§ **Short text fragments from websites**:
______________________________

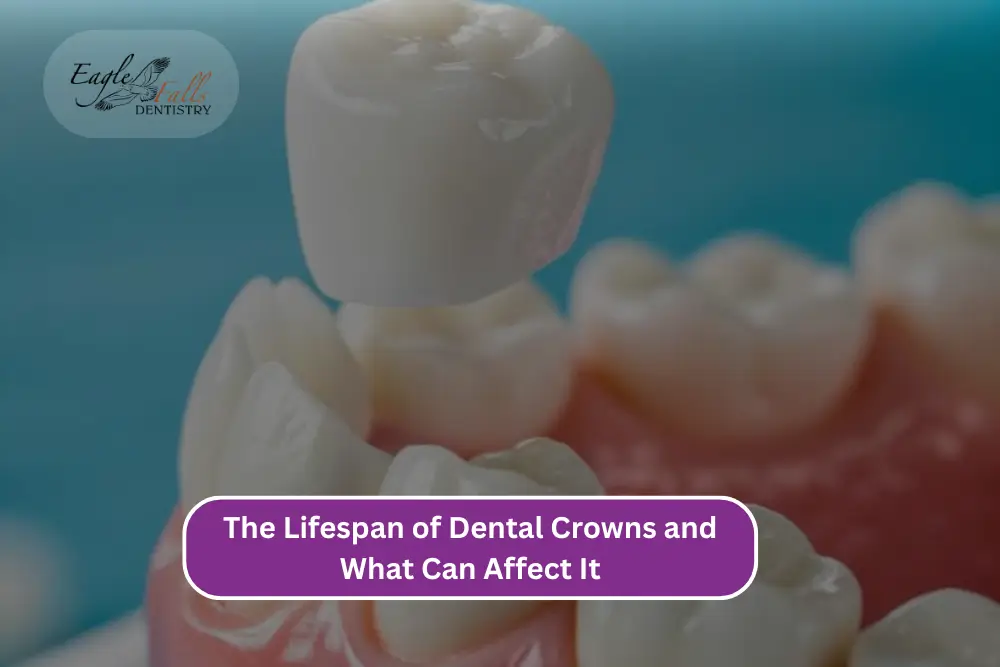 The Lifespan of Dental Crowns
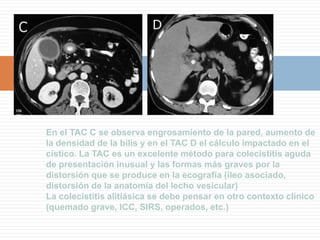 ColelitiasisB- Colecistografía oral: colelitiasis.La vesícula está opacificada, y muestra un defecto negativo que corresponde a un cálculo.El principal problema es que la gran mayoría de las vesículas con colelitiasis (90%) no se contrastan lo suficiente debido a la pérdida de la capacidad de concentración de la pared vesicular por inflamación crónica (exclusión vesicular), por lo que el diagnóstico es indirectoA- Colecistografía oral normal.Antes del US era el examen de elección para visualizar la vesícula. Involucra la ingesta de un medio de contraste por vía oral el cual es concentrado por la vesícula. En la actualidad ha sido reemplazado por la ecografía y no es utilizado por su bajo rendimiento.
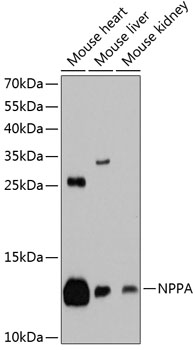Western blot - NPPA Polyclonal Antibody 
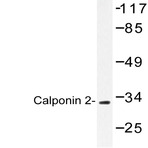 Calponin 2 (D156) pAb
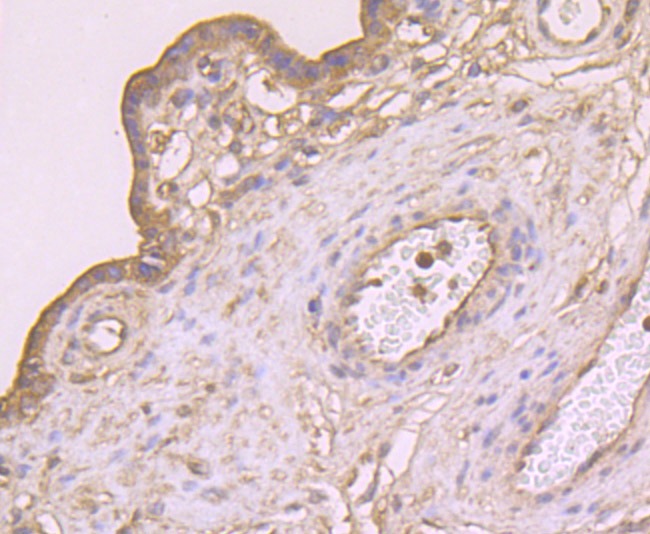 Anti-CTHRC1 Antibody (5Z159)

______________________________

§ **Aim of the exercise**:
The images are to be left out while the entries are written out exactly.

§ **Solution for this exercise**:
 The Lifespan of Dental Crowns
 ColelitiasisB- Colecistografía oral: colelitiasis.La vesícula está opacificada, y muestra un defecto negativo que corresponde a un cálculo.El principal problema es que la gran mayoría de las vesículas con colelitiasis (90%) no se contrastan lo suficiente debido a la pérdida de la capacidad de concentración de la pared vesicular por inflamación crónica (exclusión vesicular), por lo que el diagnóstico es indirectoA- Colecistografía oral normal.Antes del US era el examen de elección para visualizar la vesícula. Involucra la ingesta de un medio de contraste por vía oral el cual es concentrado por la vesícula. En la actualidad ha sido reemplazado por la ecografía y no es utilizado por su bajo rendimiento.
Western blot - NPPA Polyclonal Antibody 
 Calponin 2 (D156) pAb
 Anti-CTHRC1 Antibody (5Z159)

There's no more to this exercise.